Contrary to popular belief, milk consumption does not lead to the development of kidney stones and in fact some research suggests that drinking milk is associated with lower rates of stone formation.
- Research done at Washington State University showed that people could replace apple juice with milk without increasing their risk of stone formation.1
- A four-year study in men aged 40 to 75 found that those who consumed a calcium-rich diet (1,326 mg calcium/day) had a 34 percent lower risk of kidney stones than men who consumed only 516 mg calcium per day.2
- Similarly, a study in women found that those who consumed three or more servings of dairy per day had a lower risk of kidney stone formation over an 8-year period.3
It is important to note that while calcium from foods does not increase kidney stone risk, calcium from supplements has been associated with higher risk of stone formation.4 In a study of vitamin D and calcium supplementation on bone fractures in postmenopausal women, those in the supplemented group were found to have higher incidence of kidney stones.5 Thus, it is best to get your calcium from food sources. If you do take supplements, make sure that your total calcium intake from foods plus supplements does not exceed the upper limit defined by the Institute of Medicine (2,500 mg/day for ages 19-50; 2,000 mg/day for those over 50 yr).6 To determine your calcium intake from the food you eat, take the Calcium Quiz.

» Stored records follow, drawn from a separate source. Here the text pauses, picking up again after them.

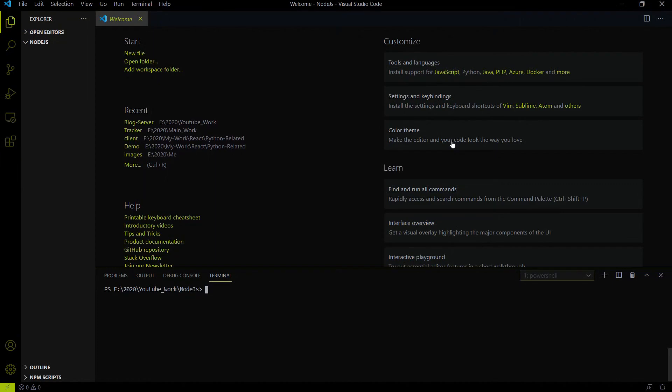Hi everyone, welcome to the Devistack channel. In this video, we will create a REST API endpoint for downloading files. The file can be anything — your video file, your PDF file, your image file. This tutorial will show you how to create an endpoint for downloading any kind of file to the client environment.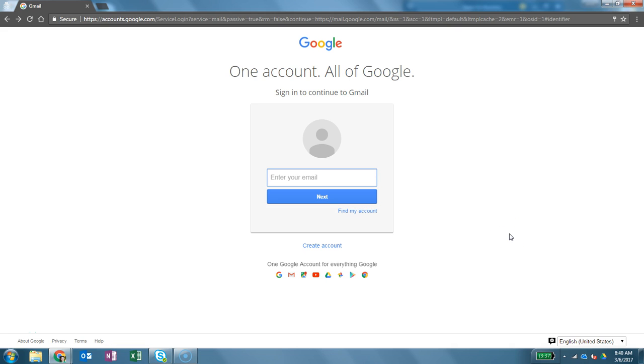Hello, I'm Brother Poole. I'm one of the instructors for B250. In this video I'm going to walk you through how to create a Google AdWords account.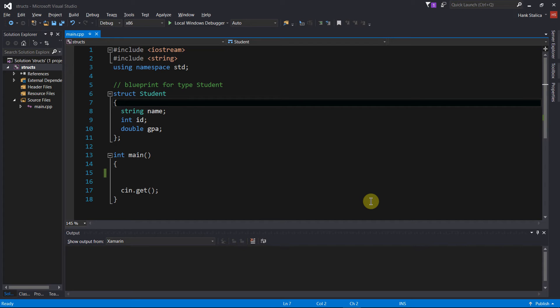Hi guys, welcome back. This is going to be part two of this series on structs, so let's get going. Last time we introduced the struct and the abstract data type, and I showed you a quick example of creating a struct, creating your own variables using that struct, and accessing members. In this video I want to show you how to initialize a structure variable, how to use arithmetic operations on members of the struct, and we'll also create an array of structs. That should be enough for one video.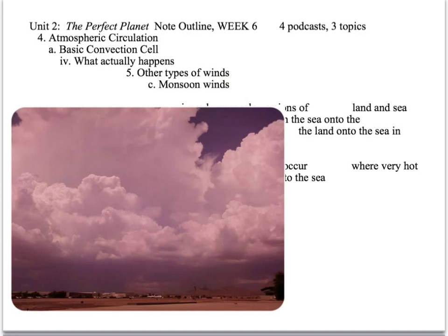This next section is about monsoon winds. They're basically large-scale versions of land and sea breezes — you're getting very massive winds blowing from the sea onto the land in the summer, and from the land onto the sea in the winter. Monsoon winds occur where you have very hot summer lands that are next to the sea.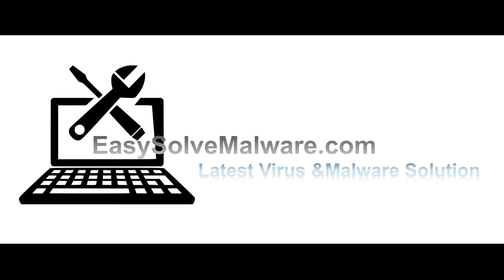That's all. Thank you for watching the video from EasySolveMalware.com. We hope it solves your problem.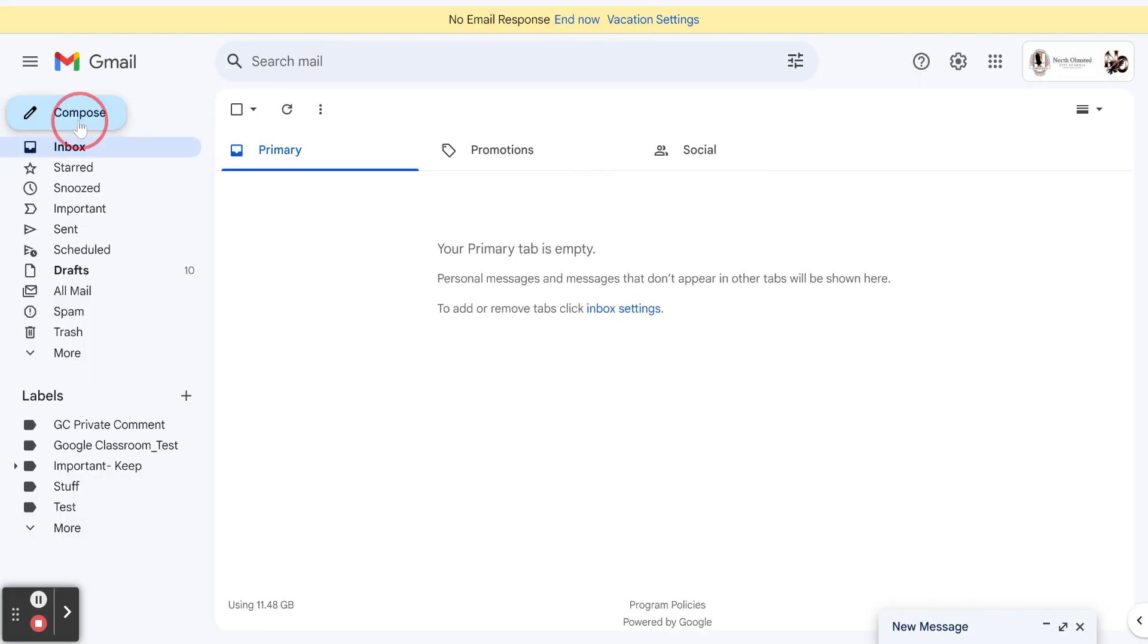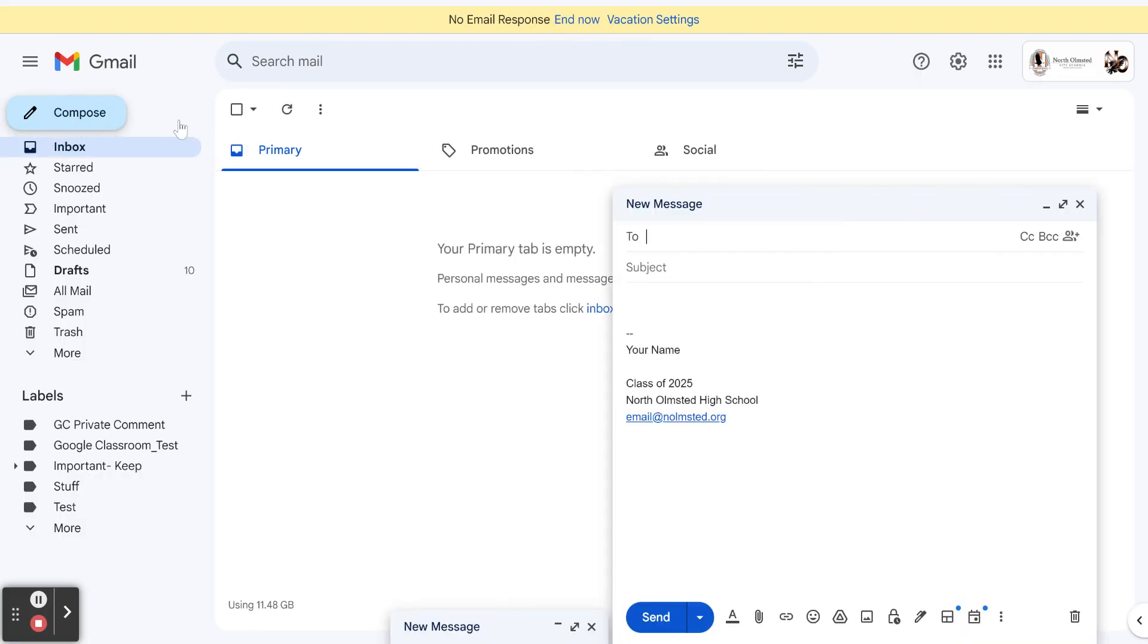Now when I write my email, you can notice that I already have a signature at the bottom.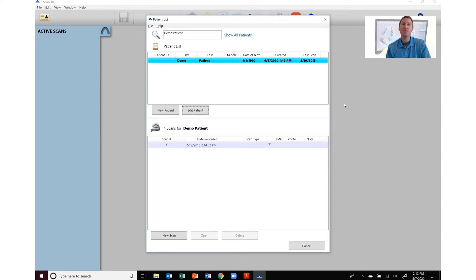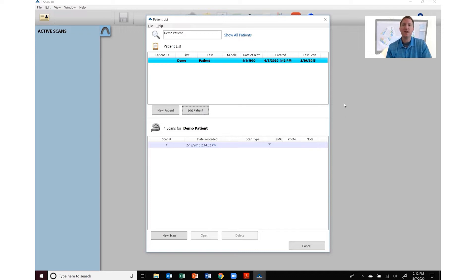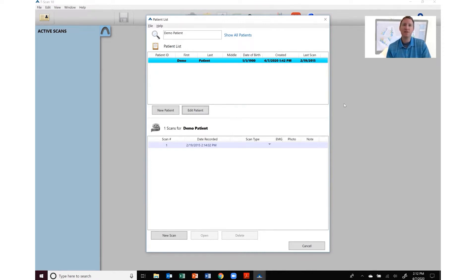The first thing you want to do is locate where those STL or TTL files are located. You may need to contact your digital scanner rep to figure out where to locate those files. Then you want to save those to a location that's easily accessible for the Tscan system.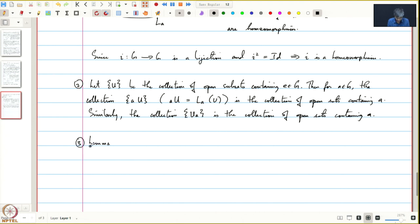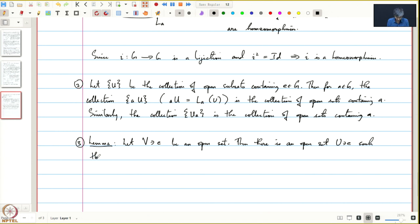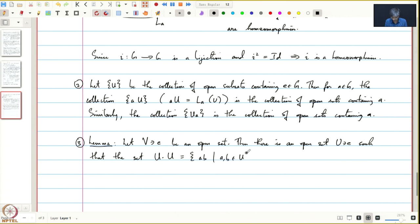The third observation is a very useful lemma. Let V be an open subset containing the identity. Then there exists an open set U which contains the identity such that U·U — the set of all ab with a and b in U, also written U² — is contained in V. So given any open set V containing the identity, we can find a smaller open set U such that U² is contained in V.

1Massey LK, Kynast-Gales, SA. J Am Diet Assoc 1998; 98:3:303;
2Curhan GC, Willett WC, Rumm EB, and Stampfer MJ. NEngl J Med 1993;328:833-838.
3Curhan GC et al. Arch Int Med 2004;164:885-91.
4Ann Intern Med. 1997 Apr 1;126(7):497-504.
5Jackson R.D. et al. N Engl J Med. 2006 Feb 16;354(7):669-83.
6Dietary Reference Intakes for Calcium and Vitamin D. Institute of Medicine of the National Academies, Agricultural Research Service, U.S. Department of Agriculture, 2010.